Troop reached into his back pocket. His own wallet was a nylon-and-Velcro affair, like a lumpy gray brick. He peeled it open and took out a thin stack of cards. “Some guy's business cards—that's all there was. I figured the chick took the credit cards and cash.”

Sutter took the cards. “Hoover Mays. No address, just a 213 phone number. Who the fuck is named
Hoover
?”

“You planning to do something with the cards?” I asked.

“Thought maybe I could call the guy, sell his wallet back. Even empty it's worth something, and I wasn't gonna tell him it was empty.”

Sutter slapped his head again. “Douche bag.
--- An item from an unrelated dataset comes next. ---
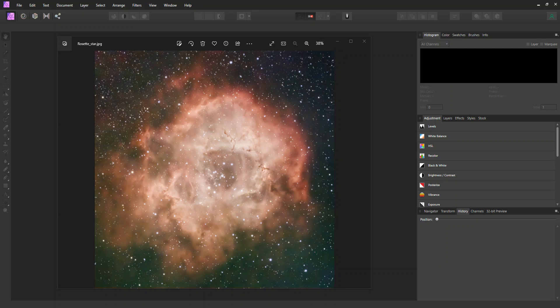This video shows how I edited the TIFF file output of the Vespera telescope with Affinity Photo version 1, and I'm ending up with a file that looks similar to what you see on the screen here.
So this was it—the shopping bag, the wallet—nothing else?”

Troop rubbed his head. “I swear.”

Sutter looked at me. I shrugged, and he looked at Troop. “Here's your deal,” Sutter said. “You talk about our visit with no one—including and especially Siggy Rostov and his monkeys—and we do the same, okay? You tell no one how you spilled your guts to us, and we tell no one, and everyone sleeps soundly at night. Am I transmitting clear?”

Troop nodded. “It's clear.”

“Okay, then,” Sutter said, and he pocketed Hoover May's calling cards, leapt to the top of Troop's desk, and vaulted the glass again with no more effort than a leaf in the wind.